The model makes no judgment of what those combinations are. Nor does it favor any combination. People with matching attractions often don’t feel the need to double up on labels. It’s a completely opt-in way to help explain feelings. Or personally ignored in any situation the label wearer decides.

Its historical precedence goes back to the Greeks. Believed to be first used towards sexuality discussions by a gay advocate in the 1800s, and then reused by asexuals in the last twenty years or so. 

There is a long standing tug of where between groups over where aros fit, and has it’s own set of purity politics that follow. This article is not gossip explaining interpersonal community friction, at its core more queer theory specially on how a-spec communities organize.

I think all this tension, and often infighting, is the product of being upset with intersectionality. I personally find asexuality and aromantism’s twin like behavior and shared history a boon. It’s a ven diagram, that as far as I can tell, skews ace. And no other community probably overindexes aces as much as the aromantic one. Which creates a tension of ‘why can’t we have our own things’ as it does equally ‘why aren’t aro aces doing more for aros specifically.’ Mind you, I think the second is unfair. But the point I’m trying to make goes as follows.

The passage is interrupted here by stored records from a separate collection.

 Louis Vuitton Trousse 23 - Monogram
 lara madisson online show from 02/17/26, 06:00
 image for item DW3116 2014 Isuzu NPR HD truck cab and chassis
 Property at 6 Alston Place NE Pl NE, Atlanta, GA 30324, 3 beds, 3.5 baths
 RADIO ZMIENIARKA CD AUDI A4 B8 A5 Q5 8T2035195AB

I was listening to this philosopher and he said that humans often dissect to understand concepts. Spitting things apart, and apart, until you reach the atom. And then say aha an atom, the smallest thing, from the word which means cannot be spilit! And then, oh dear… we split the atom. Now there’s protons, neutrons, electrons, and then maybe there’s more things in there too, and hey what’s this quark I keep hearing about? And these dissections makes the world more complicated. You see this all the time as a complaint about the a-spec community. Why new words, why spilt attraction model, and so on.

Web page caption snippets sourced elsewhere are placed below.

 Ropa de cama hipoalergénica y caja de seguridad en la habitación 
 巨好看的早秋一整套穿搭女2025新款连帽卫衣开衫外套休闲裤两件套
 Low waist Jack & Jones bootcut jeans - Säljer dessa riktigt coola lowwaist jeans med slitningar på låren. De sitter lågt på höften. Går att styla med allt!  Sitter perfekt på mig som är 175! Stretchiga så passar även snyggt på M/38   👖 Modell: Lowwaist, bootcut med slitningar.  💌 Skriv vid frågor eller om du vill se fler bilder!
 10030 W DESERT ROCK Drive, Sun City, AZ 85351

Going back to our example, well maybe you were looking to heal what ails you and now people are talking about things on a cellular level. And don’t get me wrong, that sort of understanding is a net gain for doctors to help you. But the lgbtq communities whose sole goal is “people should be allowed to be who they are without limitation” makes such exact concepts on how to do that more complex. Now that’s as true for a-specs as anyone else.

But I feel like for a-spec people, some want to just pull an proton out without realizing the electromagnetic force that keeps the neutron nearby. And I find it deeply ironic that communities based on the acceptance over the lack of strong attraction, have trouble viewing two separate things, that often times share in lived history, share experiences, and by the changing of language which spilit a previous understanding of asexuality further to help make sure aromanticsm was not forgotten, do have an electromagnetic-like attraction to each other.

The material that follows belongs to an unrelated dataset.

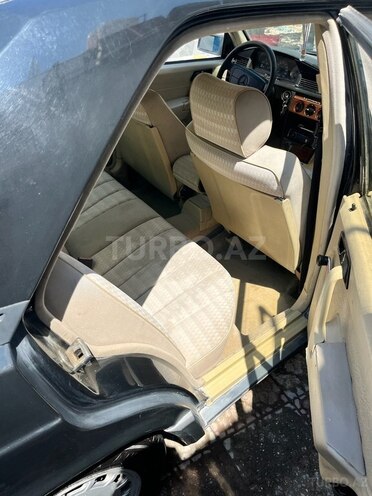Mercedes 190 1992, 280,000 km - 1.8 л - Bakı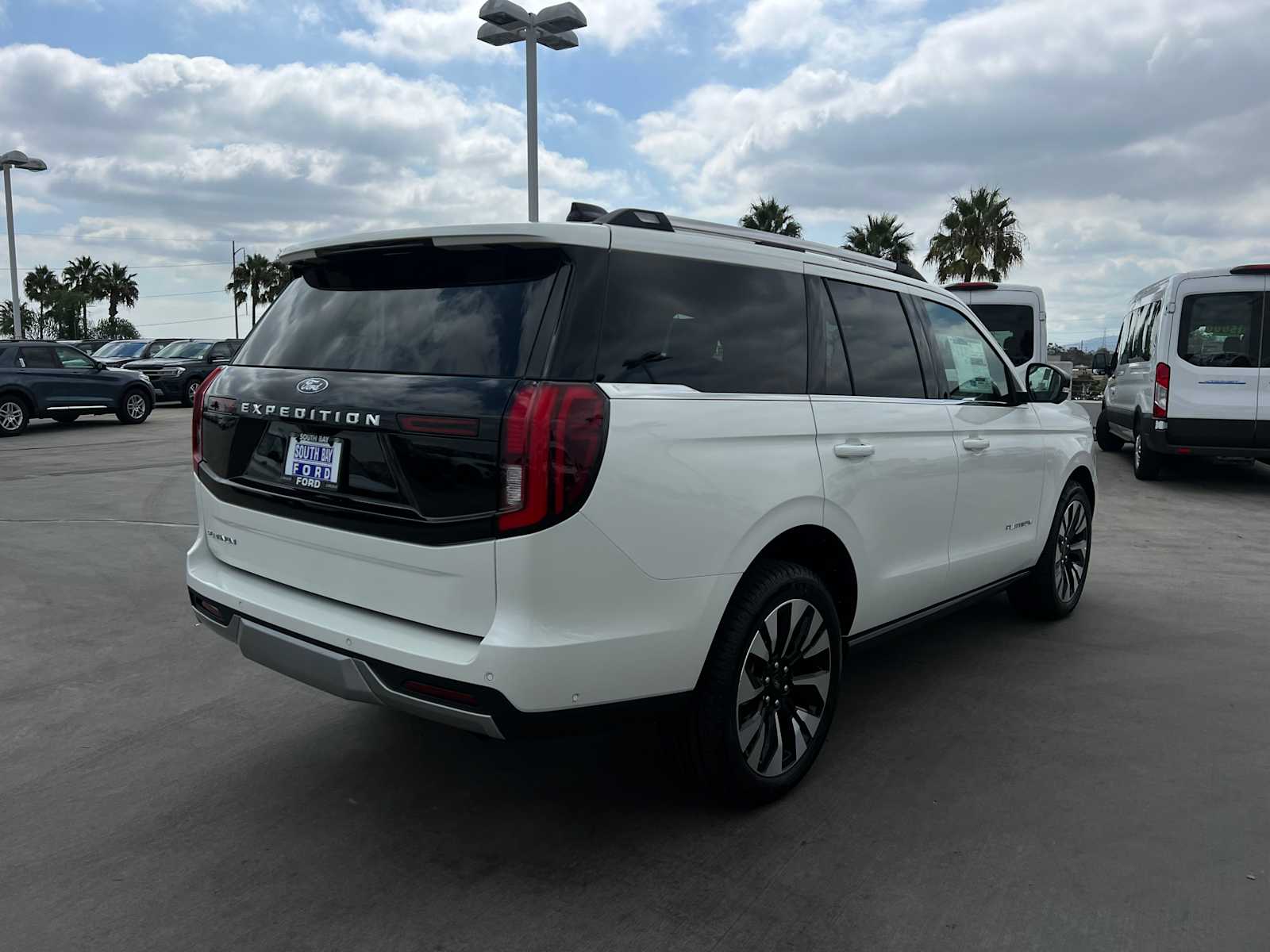 2025 Ford Expedition Platinum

And honestly? That spilt and pull towards each other is not unique to asexuality. Maybe it’s telling that Karl Heinrich Ulrich invented the spilt attraction. This division to better see the communities parts, to further explain them in English this has been going on for a century now. While it is important to learn through the dissection of human sexuality, we mustn’t forget its complicated because humans make it so. This means it’s natural state isn’t complicated at all. It just is, like the grass just grows.